Implementing the plug-and-play supply chain involves hard work, resources, investment and a long-termcommitment with an overlay of risk. To succeed, it must be integrated with the go-to-market process and entire commercial cycle of the enterprise.

Individually, none of these considerations is insurmountable. Collectively, they pose a significant challenge. That’s why, first and foremost, a plug-and-play transformation strategy requires the full support and commitment of the enterprise’s C-suite.

“People are very reluctant to change, and the same is true for organisations,” Gary Keatings, Vice President, Solutions Design, DHL Supply Chain, points out. “Many companies hesitate to invest in these kinds of long-term supply chain projects, opting instead for short-term quarterly savings or cost cutting.”

Therefore, without a mandate from the top, this level of change is nearly impossible to achieve.

2. Get Rid of Averages and Aggregates

Averaged and aggregated data is the enemy of the plugand- play supply chain. A standardised supply chain is built on a customer segmentation strategy. Most organisations still segment by product, customer, geography or division, based on aggregated characteristics, and apply a standard margin or allocated profit. This means that supply chains are designed and operated on aggregates and averages, rather than on actual, granular cost-to-serve data.

If a company designs a standardised, core supply chain platform based on this information, it could be designing the wrong foundation. The same holds true for the standardised plug-ins.

The second standardisation essential, therefore, is datadriven analysis of demand dynamics, together with customer and product profitability down to SKU and service-lane level.

3. Institutionalize the Building Blocks

Standardising the supply chain means rolling out common platforms to achieve worldwide consistency with operational rigor. For most organisations, this is difficult – a key reason for which is the lack of a centralised enterprise knowledge library.

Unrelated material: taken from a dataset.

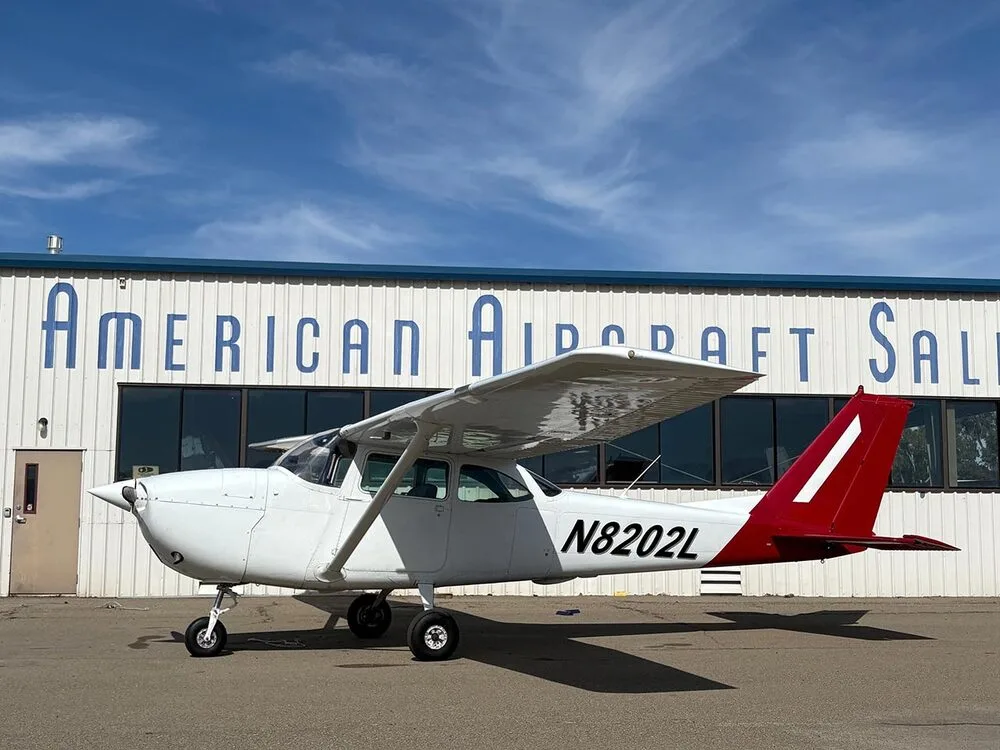 A white Cessna 172 with a red tail, registration N8202L, parked in front of a hangar under a blue sky.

“One of the biggest challenges we faced in the past is we were solving the same supply chain problem over and over again, all around the world,” says Keatings. “We had to build an institutional corporate ‘memory’ of best practises so they could be replicated. We created a library of supply chain solution templates so we could serve customers more effectively and efficiently.”

The knowledge library contains solution templates for 80 percent of supply chain requirements around the world, based on best practises and processes. The remaining 20 percent of supply chain requirements can be broken out into standardised templates that are mapped to more tailored needs of markets, countries, customers, products, channels and so on. These templates get ‘filed’ in the library and are available for use across the enterprise. ‘Users’ map the supply chain in question against the database of solutions and come up with best-case cross correlations.

Building and then institutionalizing plug-and-play solutions and templates, is the third implementation essential.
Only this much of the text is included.